<...> Усатова и Балуев могли бы этот фильм вытянуть до истинно народного кино. Хотя... Долгий эпизод с плывущими по реке долларами квалифицирован кем-то из критиков как «вставная челюсть сюжета». Надо полагать, вроде Калининского проспекта, вырвавшего у Москвы ветхую Собачью площадку. Но ведь Хотиненко снимает не патриархальную деревню. И вот плывут по речке баксы, за ними бросается все население деревни, потом сообщают, что они фальшивые, наших не проведешь и т. д. Выпадающий из фильма этот, казалось бы, искусственный, бредовый кусок гораздо точнее воспроизводит мифологию, то есть сверхреальность нынешней деревни, нежели до косточки вжившийся в роль Евгений Миронов. Миф завершает, оформляет реальность не в жанр анекдота, не в комедь посреди драматического сюжета, но в постоянно колеблемое варево смыслов, где очень зыбка граница между сущим и липой.

Евгений Миронов перевоплощается в героя, кажется, идеально.

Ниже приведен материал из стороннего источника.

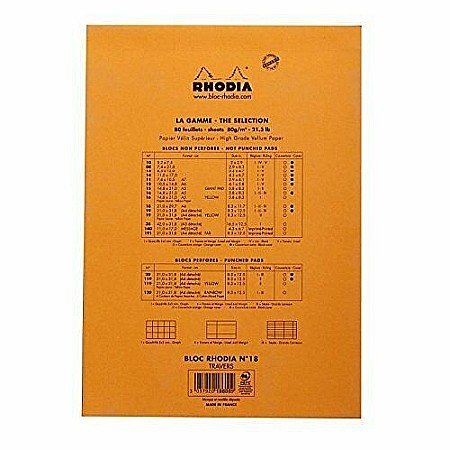 RH BLOC NOTES A4 SPIRA 80F AR ORANGE RHODIA 18500C [2]
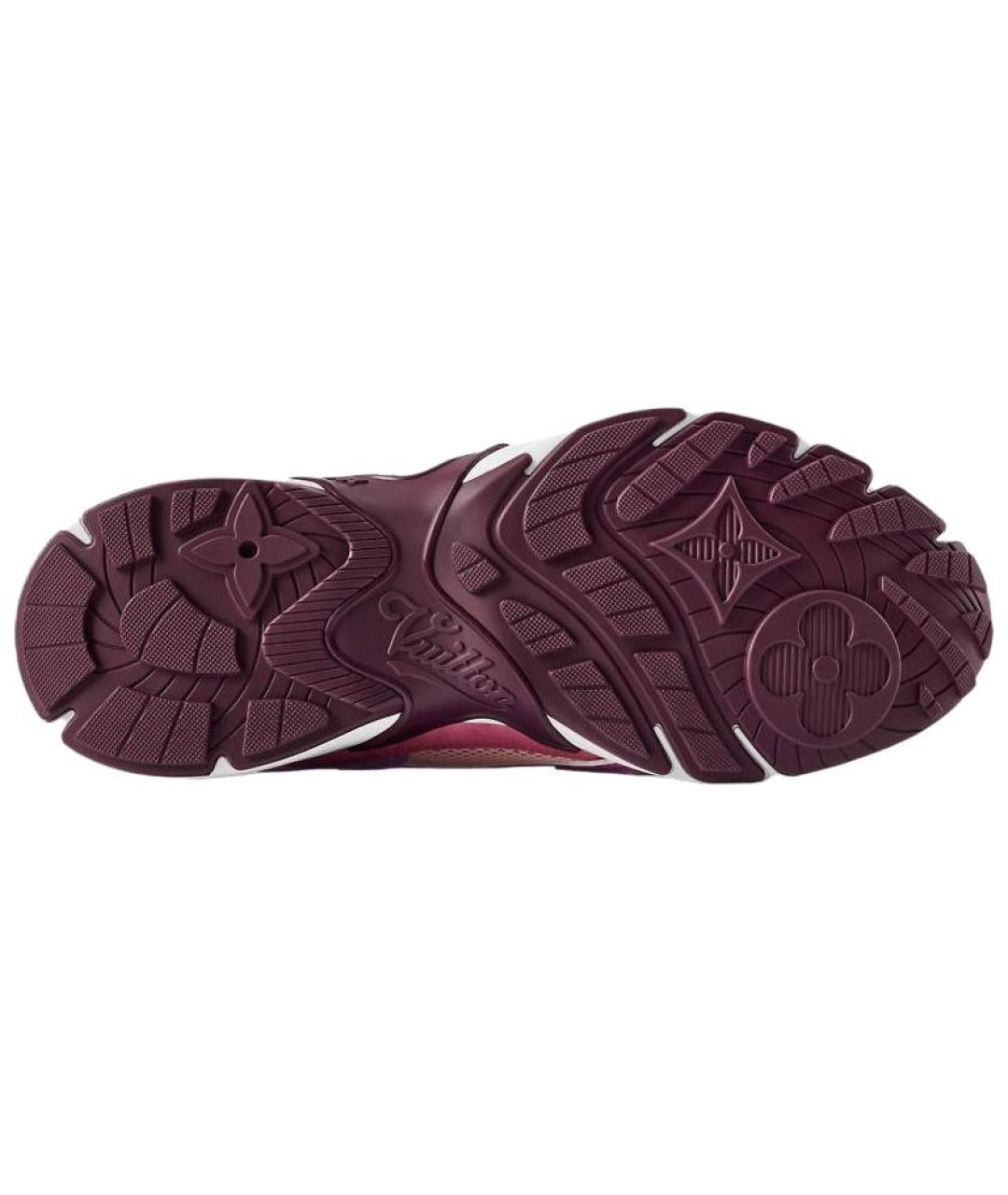 LOUIS VUITTON Фиолетовые кожаные кроссовки, фото 5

Между актером и персонажем иголки не просунешь. Он и по-русски-то говорит, как нерусский, — интонация! Похожее впечатление я вспоминаю от додинских актеров, окавших, как настоящие, в знаменитых «Братьях и сестрах». Тогда, в том легендарном спектакле, открывшем Додину дорогу на Запад, где он теперь выступает в роли главного разносчика русской театральной культуры, резанула фальшь режиссерской установки, когда будто бы тотальная достоверность вымуштрованных актеров порождала, однако, непредвиденную замыслом спектакля искусственность, или миф о достоверности.